_Exercise goal_
Write the data out in full and word for word. Do not include images.

_Supplied material_
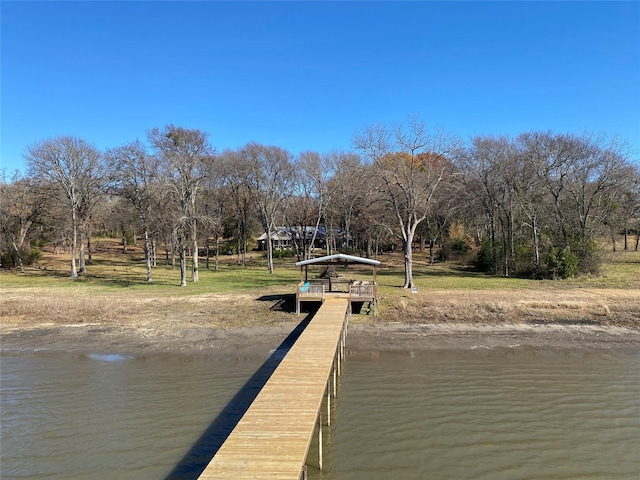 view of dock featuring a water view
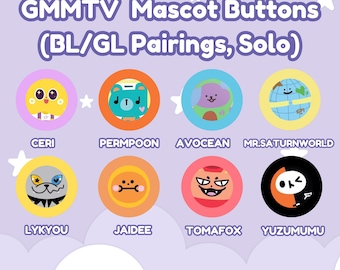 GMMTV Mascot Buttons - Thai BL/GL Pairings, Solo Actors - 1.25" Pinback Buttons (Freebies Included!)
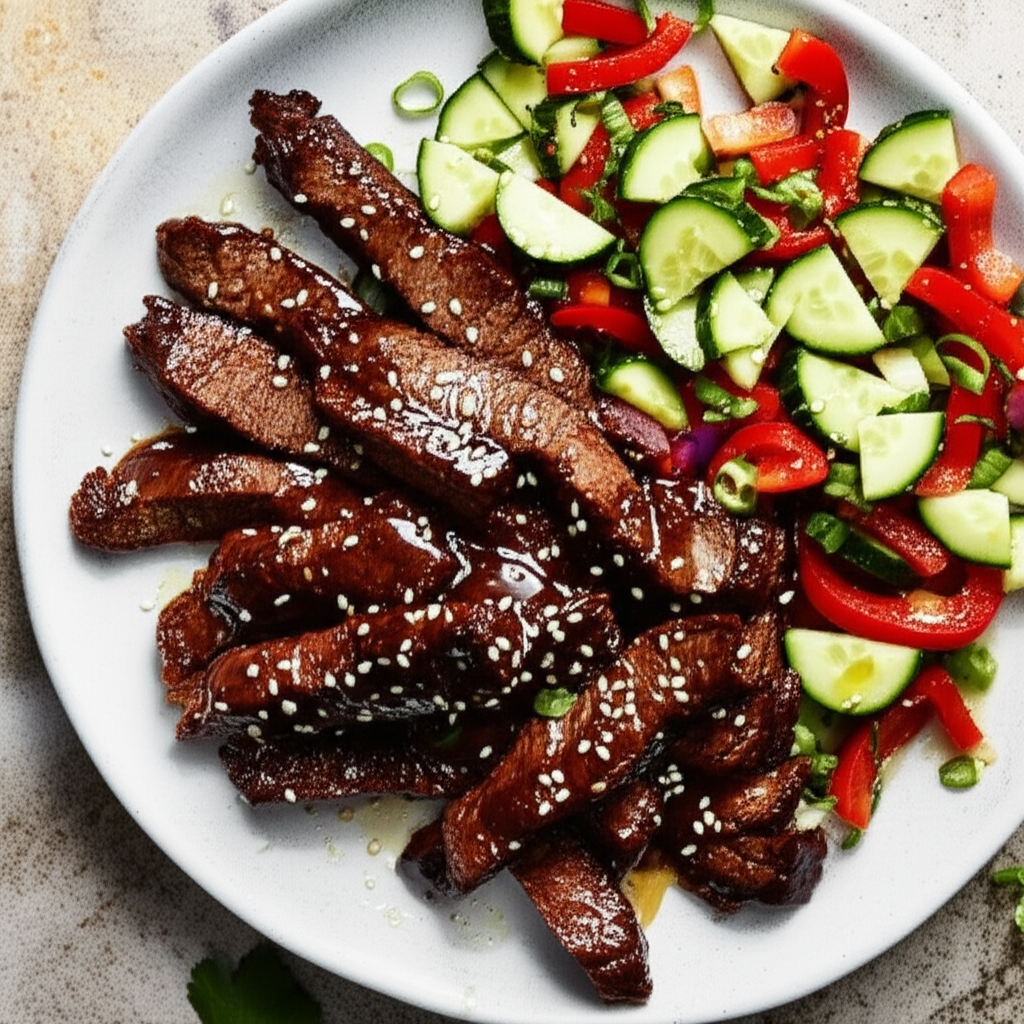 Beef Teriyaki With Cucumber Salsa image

_Task solution_
 view of dock featuring a water view
 GMMTV Mascot Buttons - Thai BL/GL Pairings, Solo Actors - 1.25" Pinback Buttons (Freebies Included!)
 Beef Teriyaki With Cucumber Salsa image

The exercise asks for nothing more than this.